For retirees to maintain their desired lifestyle without a paycheck — possibly for decades — they need a solid financial plan. They also need to steer clear of serious mistakes that could compromise their future income.
Here’s a look at some common pitfalls retirees encounter, and ways to step around them to avoid financial disaster.
1. Helping children too much
Problem: Retirees with children or grandchildren are often too willing to help out financially; sometimes at the risk of their own well-being.
Even though many baby boomers worked to put themselves through college and the experience developed good financial skills, they don’t want their kids to struggle as much, said Wayne Copelin, president of Copelin Financial Advisors in Sugar Land, Texas.
If you try to tell parents that it’s a mistake to bail adult children out of credit card debt or help them with other financial mistakes, they get very mad, said Copelin.
Solution: Don’t underestimate your longevity. Make sure you have enough money to last the rest of your life by laying out a financial plan. With a plan in hand, you can then determine how much you can afford to spend on children and grandchildren. If you don’t take this step, you could very well run out of money and need to turn to your children for help.
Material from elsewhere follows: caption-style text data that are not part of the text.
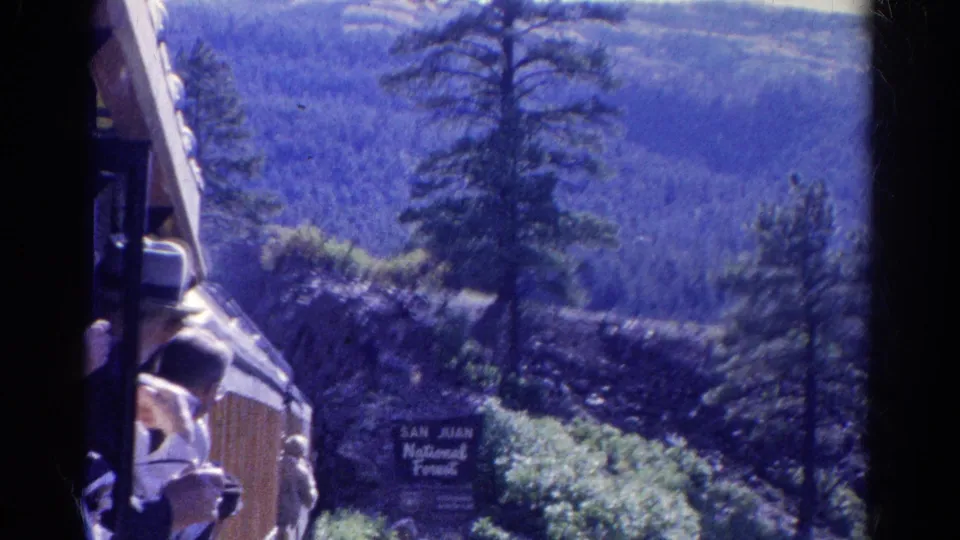 Final 1967 Colorado train-travel frame with riders at open windows, pine forest, mountain slopes, and a readable San Juan National Forest sign.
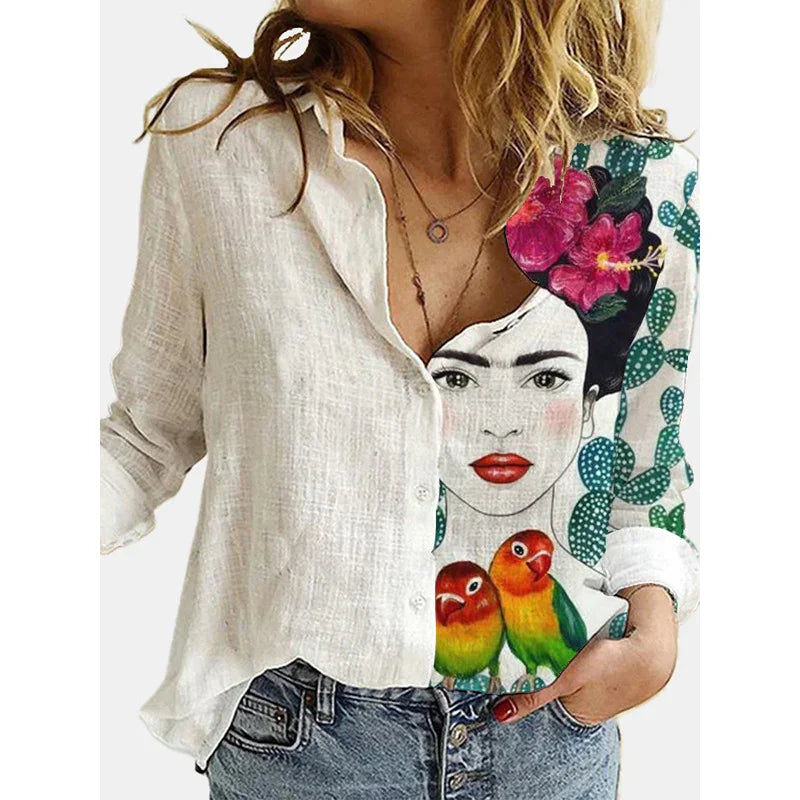 White button-up shirt with colorful Frida Kahlo face, pink flowers, cacti, and two vibrant parrots print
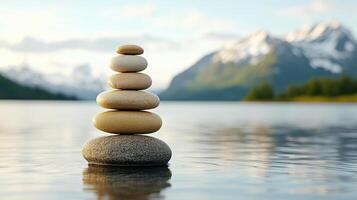 A stack of stones in the water with mountains in the background photo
Also be very careful about co-signing loans, because any default or late payments can hurt your credit rating. What’s more, be aware that significant gifts could be considered taxable — this year’s limit on tax-free gifts is $13,000 per person. Read the IRS rules at http://tinyurl.com/4uncnxx.
2. Underestimating healthcare costs
Problem: One of the biggest pitfalls facing the retirees of the next few decades is unanticipated and unplanned healthcare costs.
According to various experts, a healthy couple in their mid-60s will need around $300,000 to cover healthcare in retirement. A couple in their mid-50s should plan on spending around $500,000 in out-of-pocket healthcare costs.
Most retirees will not have saved anywhere near that amount. The average 401(k) account balance for 55-year-old workers contributing for at least 10 years is $234,000, according to Fidelity Investments.
Solution: One way to be prepared is to purchase long-term care insurance, which can help cover the cost of home care or nursing home care, should the need arise.
Couples in their 50s and in good health likely can buy a policy for an annual premium of around $2,500 if they shop for the best rates. Waiting until their 60s to buy can be expensive, with premiums rising to as much as $4,000 to $5,000 a year.
To look at options for long-term care planning, check out this site provided by the federal government: www.longtermcare.gov/LTC/Main—Site/index.aspx.
3. Taking Social Security benefits too soon
Problem: No one knows exactly how long they’ll live, and these days it’s very common to outlive our own expectations. About one in four 65-year-olds today will live past 90. One in 10 will live past 95.
It’s difficult to know how much to set aside for retirement. It’s equally difficult to know whether to take Social Security as soon as one is eligible or wait a few years and get a fatter check.
Solution: A worker at the full retirement age of 66 will be entitled to a monthly Social Security benefit of $1,000. That’s reduced to $750 a month if benefits begin at 62, the earliest one can begin to draw checks. However, the same worker waiting until age 70 will get $1,320 a month.
Deciding when to take benefits depends on age, health, how long you’ll keep working, how much is saved and other factors. The Social Security Administration offers a benefits calculator at: http://www.ssa.gov/oact/anypia/index.html.
4. Failing to ask for guidance
Problem: Trying to handle retirement savings and investments without help.
Solution: Many retirees and those nearing retirement who manage their own money often micromanage their accounts by watching the market’s movement every day.
They tend to pull money out when they get scared and keep it out until too late, missing any chance for recovery when the market picks up. This happened to millions of retirement savers as the market collapsed in 2008. Many 401(k) accountholders lost a third of their money.
The reverse is also true, as many put their investments on auto pilot and give them no attention at all.
A financial planner can help make sure a portfolio is properly diversified and that risk is adequately reduced as retirement approaches.
With such low interest rates today, it’s difficult to make any money in cash investments. So a strategy of using bonds with varying maturities, mixing in dividend paying stocks and looking at newly designed annuity products, is important.
5. Investing too conservatively
Problem: Retirees want to protect their savings from losses, but also need to be sure their money is working for them. Investment returns are a vital part of their balance sheet.
Solution: Retirement can last for decades. It’s important to recognize that inflation will cause expenses to rise over time, all while retirees are living on a fixed income.
Also it’s a mistake to assume that total expenses will decline in retirement. With more leisure time expenses can rise, and medical costs will certainly increase.
This means that it would be a mistake for retirees to invest solely in fixed-income securities. Instead they need to continue to maintain a diversified portfolio, with a strategy that gradually limits their risk of losses as they get older.